First of all I just want to rant why is the Latex preview feature such a complete failure in Firefox? Actually it is really bad and buggy in IE too....

So I am reading into Foundations of geometry by Abraham and Marsden and there is a basic topology proof that's giving me some trouble. They define compact spaces as saying a space S is compact iff every open covering $$S = \cup U_\alpha$$ has a finite subcovering, and if A is a subset of S, then any open cover has a finite subcover in the relative (subspace) topology. I am pointing out this definition just because in other places I think I've seen open covers defined as $$S \subset \cup U_\alpha$$ , not necessarily $$S = \cup U_\alpha$$.

Then they propose that in a Hausdorff space, all the compact subsets are closed. For proof, let A be a compact subset of S. Then let $$u \in A^C$$ and $$v \in A$$ have open disjoint neighborhoods $$U_u, U_v$$. Since A is compact we can write

$$A = \cup_{v \in A} U_v \cap A$$

for a finite number of $$v \in A$$. Furthermore each of these neighborhoods must be disjoint from $$U_u$$. Then they conclude there are disjoint neighborhoods for u and A , and $$U_u \subset A^c$$, so A^c is open.

I don't understand this. First of all, it seems the cover for A isn't a neighborhood, since it is only open in the relative topology, but maybe that's what they mean to say. In other words, maybe they mean A has a neighborhood in the relative topology.

More importantly, it doesn't seem like we needed to use the compactness here. We have an open neighborhood for u, and we need to show that neighborhood is entirely contained in $$A^c$$, so we need to show

$$U_u \cap A = \oslash$$,

and we have

$$U_u \cap A = U_u \cap ( \cup U_v \cap A ) = \oslash$$.

That follows without compactness, but obviously I know that can't be right. If that were true, all subsets would be closed, which would be ridiculous.

I figure the problem is that we have to worry if $$U_u \cap U_v \ne \oslash$$ for some $$v \in A$$, in which case, we use the compactness of A to exempt that $$U_v$$ from the cover. But it seems like we still don't know that the neighborhoods we have left will be able to cover all of A.

2. Jun 25, 2010

Office_Shredder

Staff Emeritus
You can pick $$U_v$$ and $$U_u$$ to be open in the Hausdorff space, and then the $$U_v$$'s will be an open cover of A because their intersection with A is open in the induced topology (by definition)

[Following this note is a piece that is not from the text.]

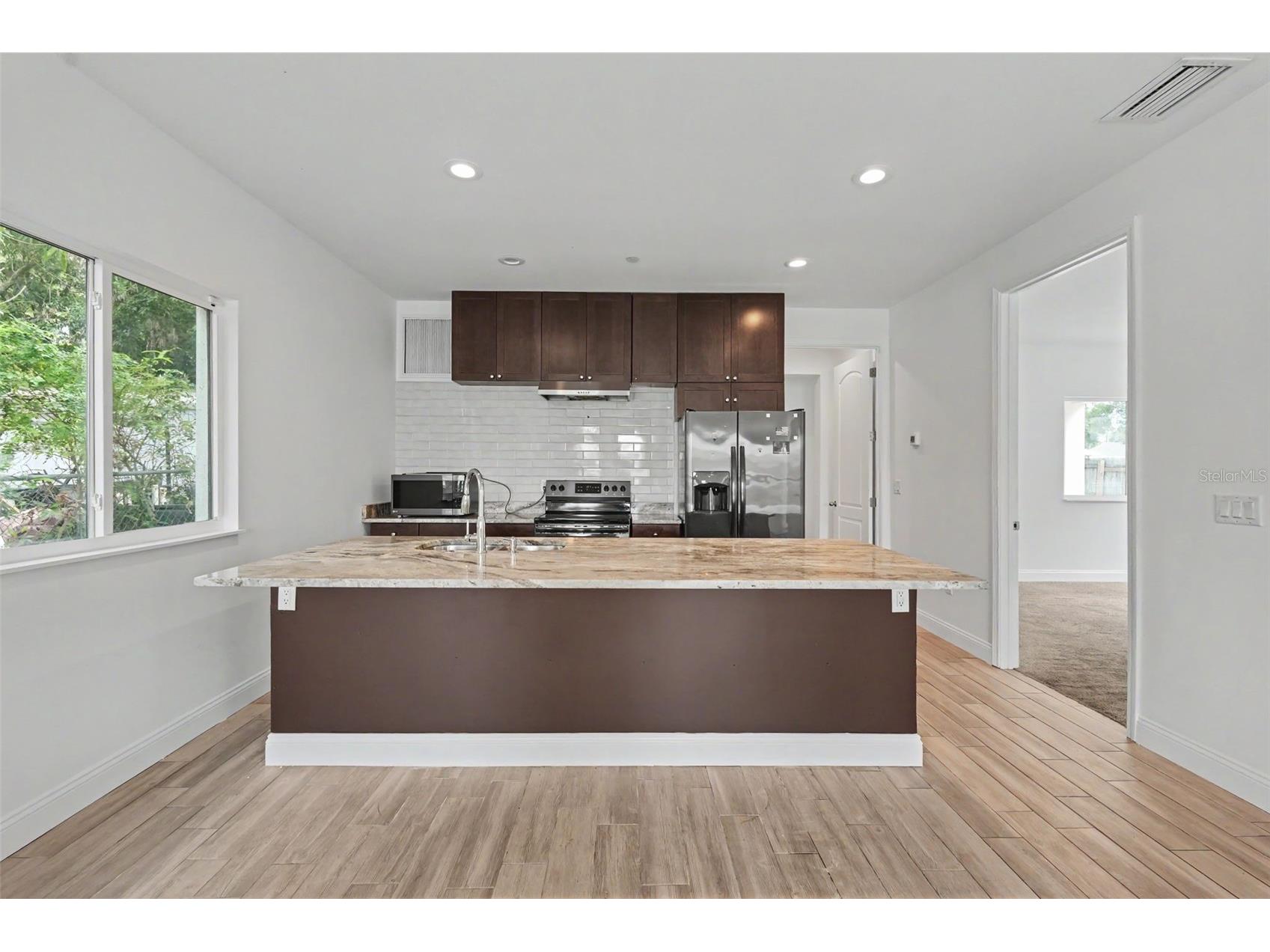 1018 7th Avenue S Saint Petersburg FL 33705 TB8525850 image14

The key now is the finiteness. We don't have a single $$U_u$$ for every $$U_v$$, we have to pick a different one for every choice of v. So maybe it would be better to denote the sets around $$u$$ as $$V_v$$ (sorry for the confusing notation but I want to change as little as possible). Then to find the open neighborhood around $$u$$ we need to intersect every $$V_v$$ to get an open set that is disjoint from every $$U_v$$ simultaneously. Intersections of open sets are only open in general if there are finitely many of them, which is where compactness comes into play: we only needed to look at finitely many v's

3. Jun 25, 2010

It isn't a failure. It just uses image caching. You need to manually refresh.

4. Jun 26, 2010

mordechai9

Ah, ok, I see. That's more or less what I was thinking I just wasn't sure how to express the details correctly. I also get how the U_v's form an open cover in the induced topology, I just thought that maybe they were saying they were also open in the general topology. Thanks for the the help.

5. Jun 26, 2010

Fredrik

Staff Emeritus
It's pretty much the same regardless of what browser and operating system you're using. Been that way for a couple of months I think. No one seems to know what's causing it or how to fix it. The workaround is to refresh and resend (SonyAD didn't mention the resend). Works with all browsers and operating systems.